[Data for review — start]

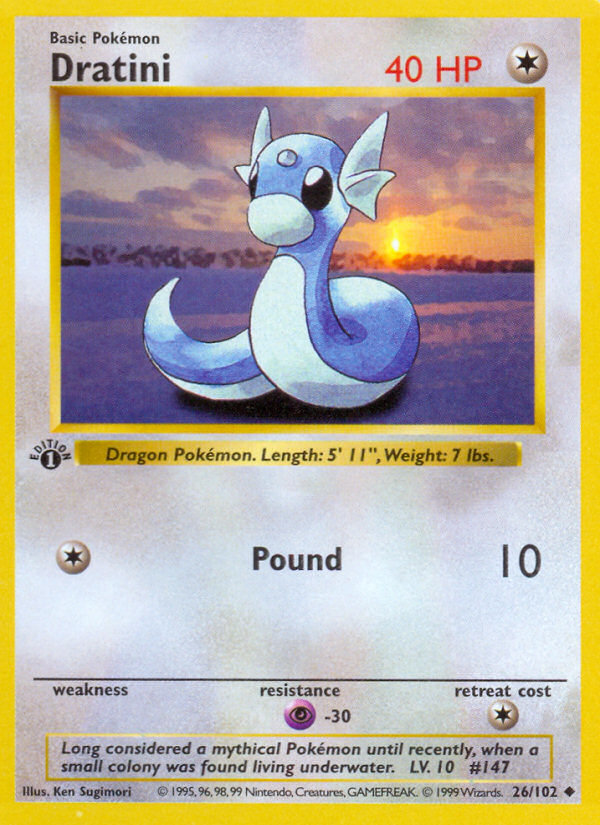 Dratini (026/102) [Base Set (Shadowless)]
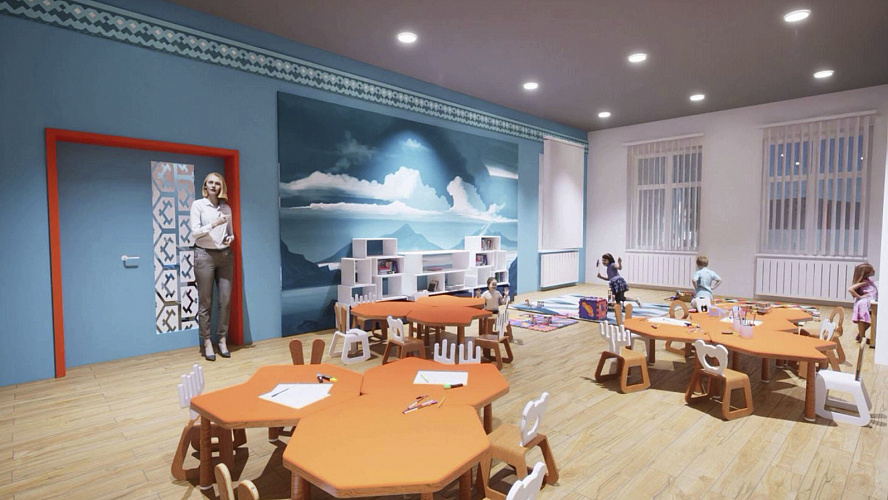 Фото: дизайн-макет детского сада в селе Самбург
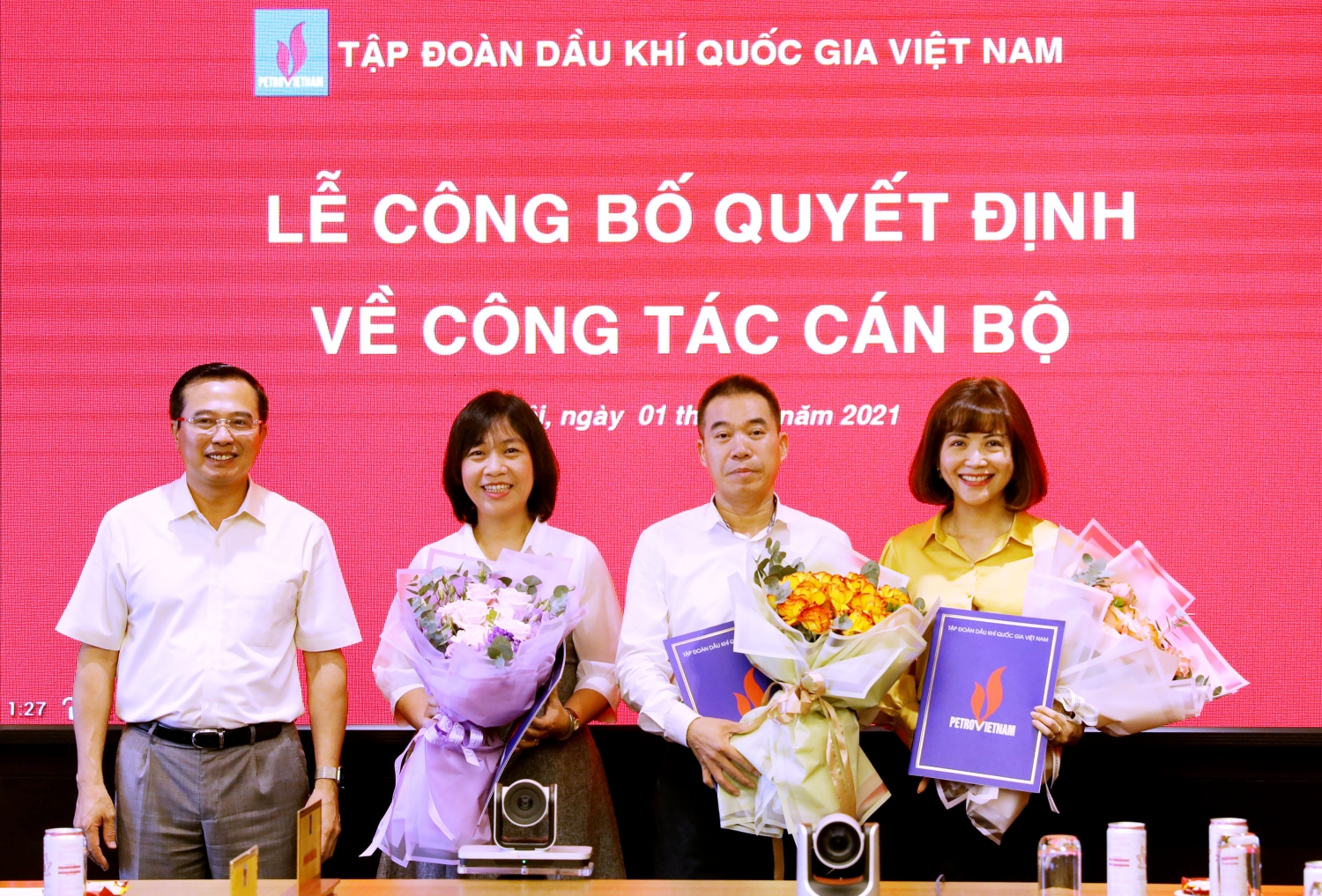 Petrovietnam bổ nhiệm lãnh đạo các ban Tập đoàn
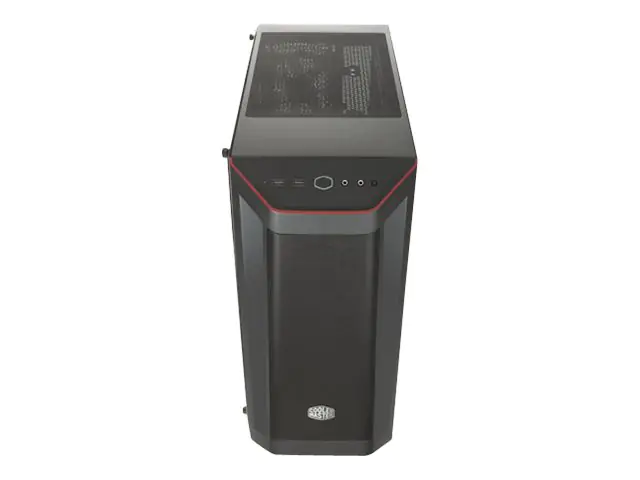 CoolerMaster MasterBox MB511 - Tower - ATX - keine Spannungsversorgung (ATX) - Schwarz - USB/Audio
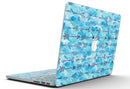 Blue Tribal Arrow Pattern - MacBook Pro with Retina Display Full-Coverage Skin Kit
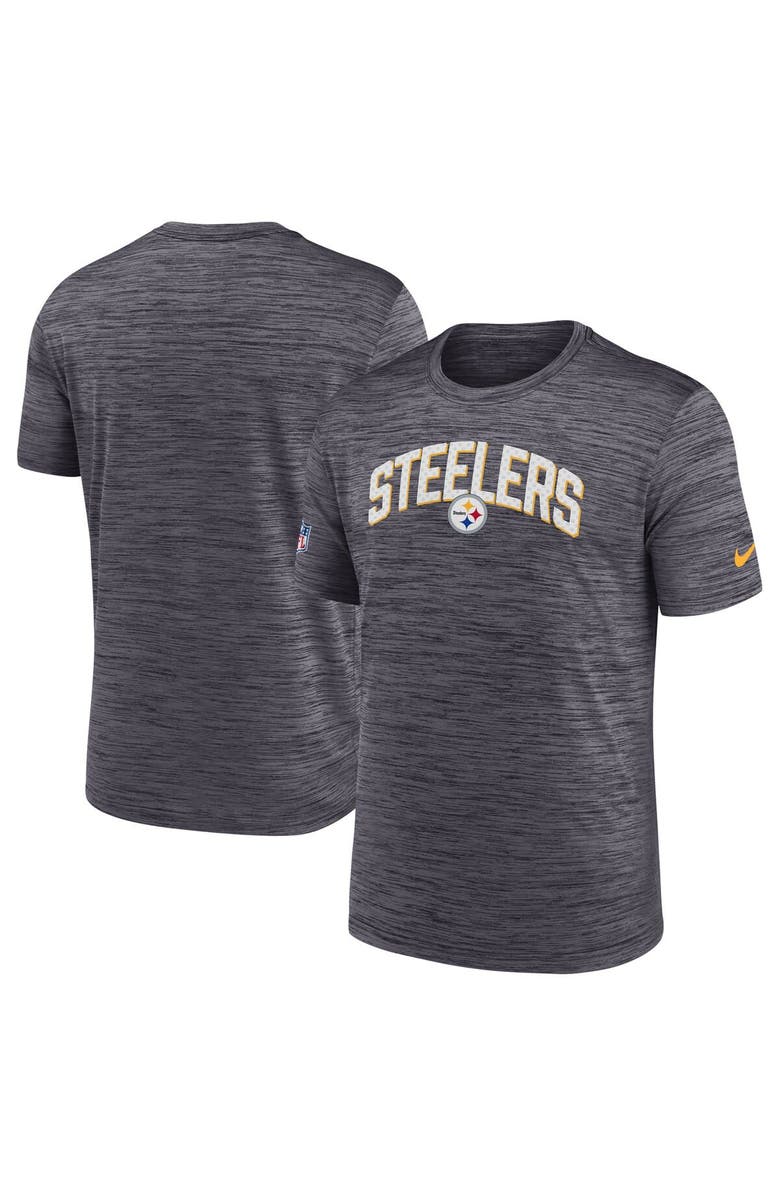 Nike Men's Nike Black Pittsburgh Steelers Sideline Velocity Athletic Stack Performance T-Shirt, Alternate, color, Black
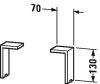 Duravit Vero, láb mosdó alsószekrényhez UV 9993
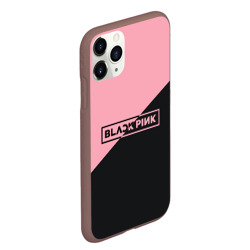 Чехол для iPhone 11 Pro Max матовый Black Pink - фото 2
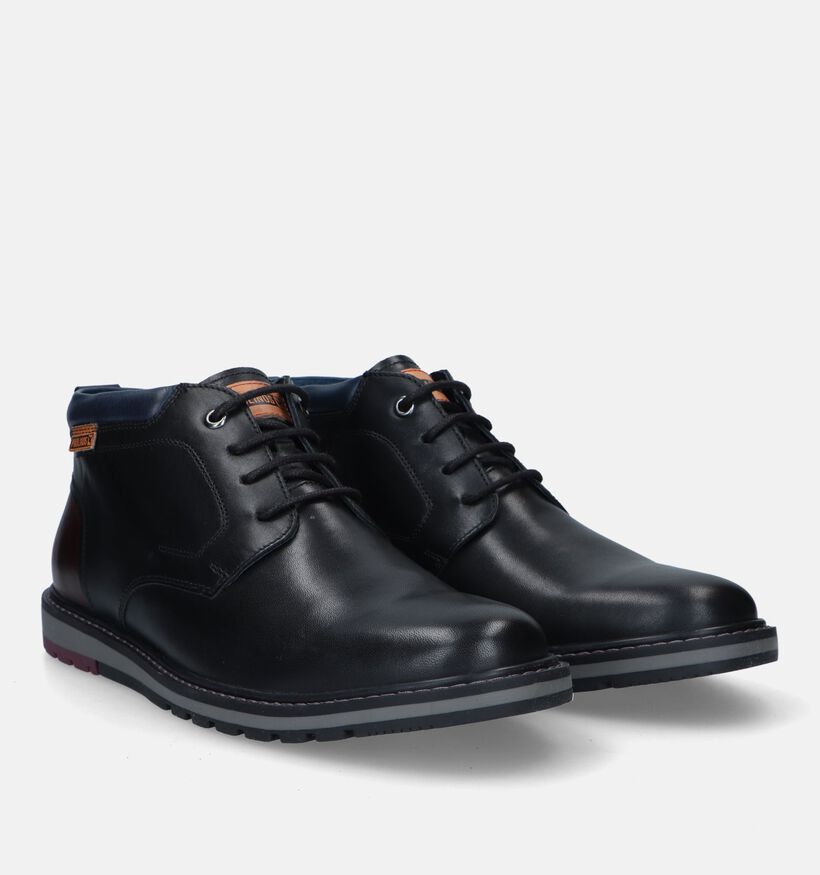 Pikolinos Berna Bottines en Noir pour hommes (329953) - pour semelles orthopédiques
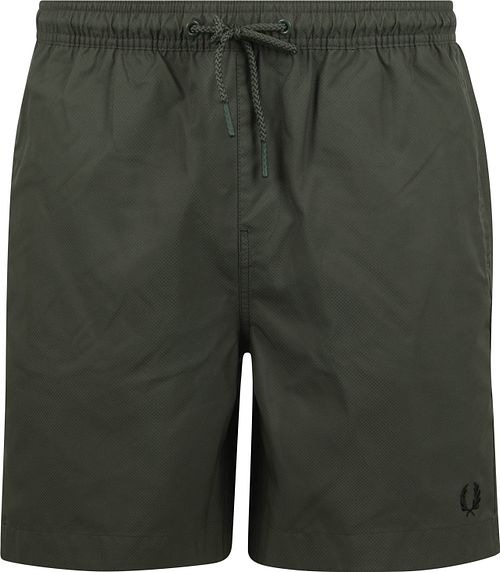 Fred Perry Zwembroek Donkergroen Product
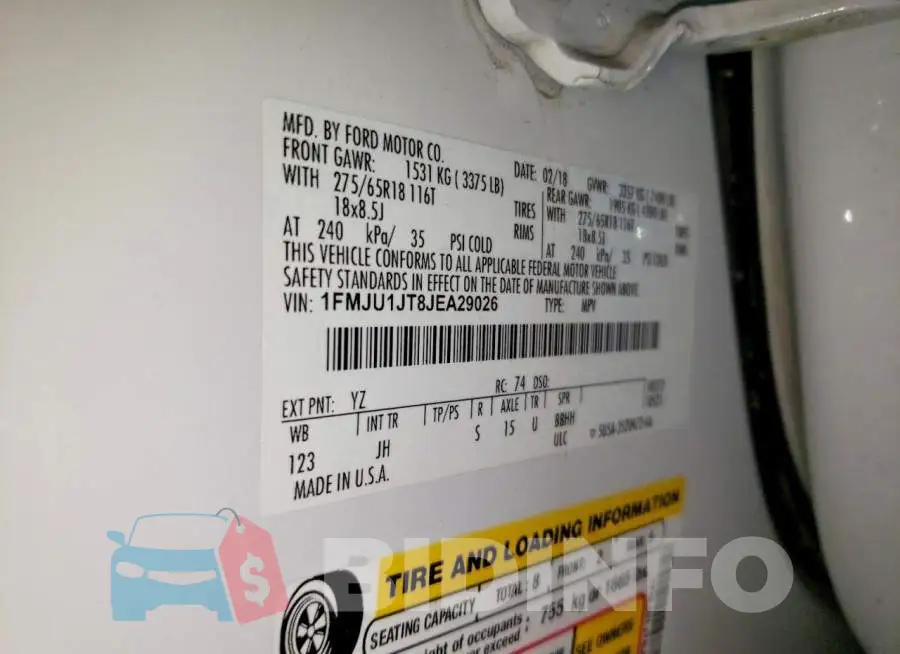 1FMJU1JT8JEA29026 Photo# 13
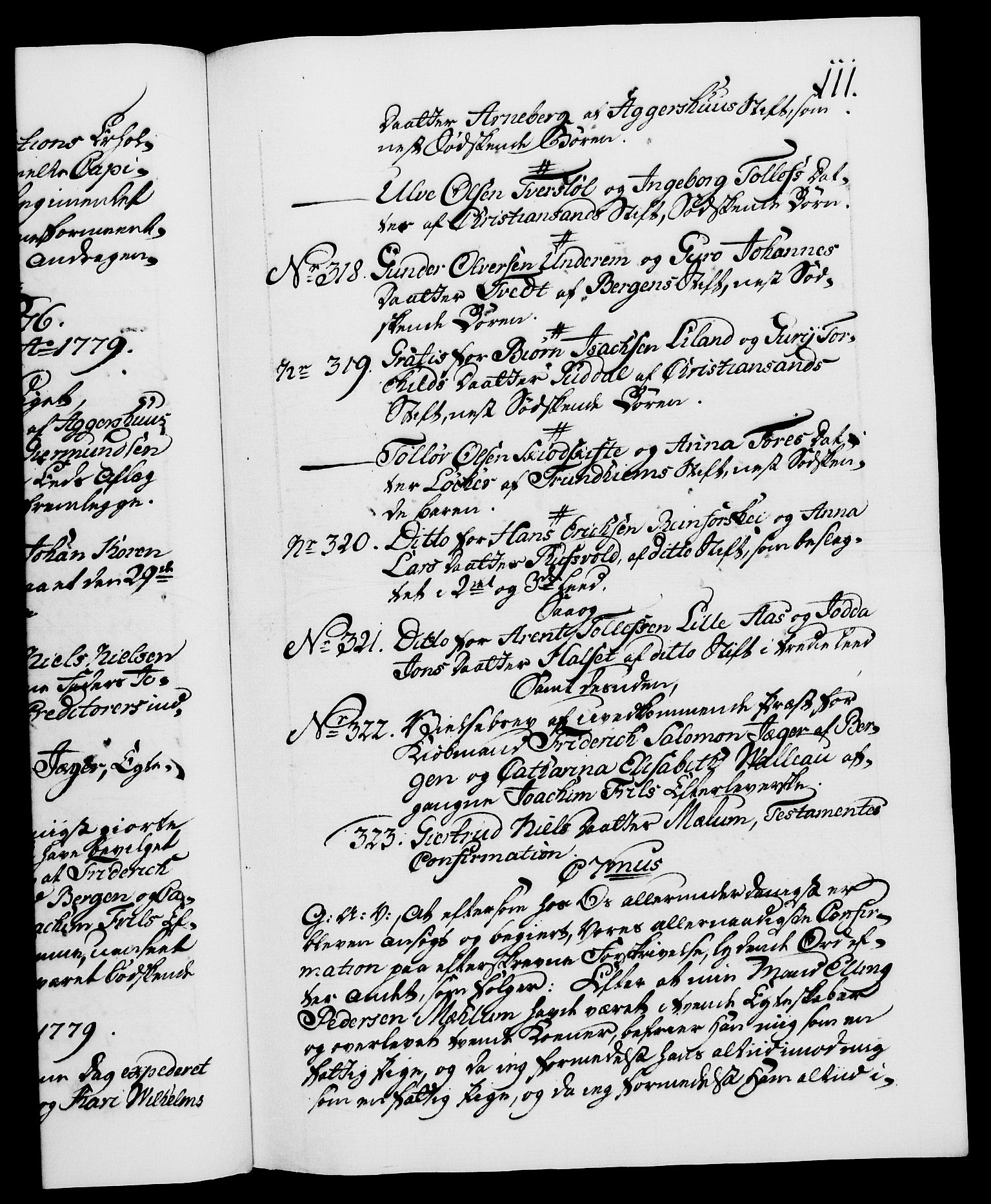 Danske Kanselli 1572-1799, AV/RA-EA-3023/F/Fc/Fca/Fcaa/L0048: Norske registre, 1779-1781, s. 111a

[Data for review — finish]

— Task details —
Write the lines from the one containing "Nike Men's Nike" through the end of the data above exactly as they appear, and do not carry over any picture.

— Written reply —
 Nike Men's Nike Black Pittsburgh Steelers Sideline Velocity Athletic Stack Performance T-Shirt, Alternate, color, Black
 Duravit Vero, láb mosdó alsószekrényhez UV 9993
 Чехол для iPhone 11 Pro Max матовый Black Pink - фото 2
 Pikolinos Berna Bottines en Noir pour hommes (329953) - pour semelles orthopédiques
 Fred Perry Zwembroek Donkergroen Product
 1FMJU1JT8JEA29026 Photo# 13
 Danske Kanselli 1572-1799, AV/RA-EA-3023/F/Fc/Fca/Fcaa/L0048: Norske registre, 1779-1781, s. 111a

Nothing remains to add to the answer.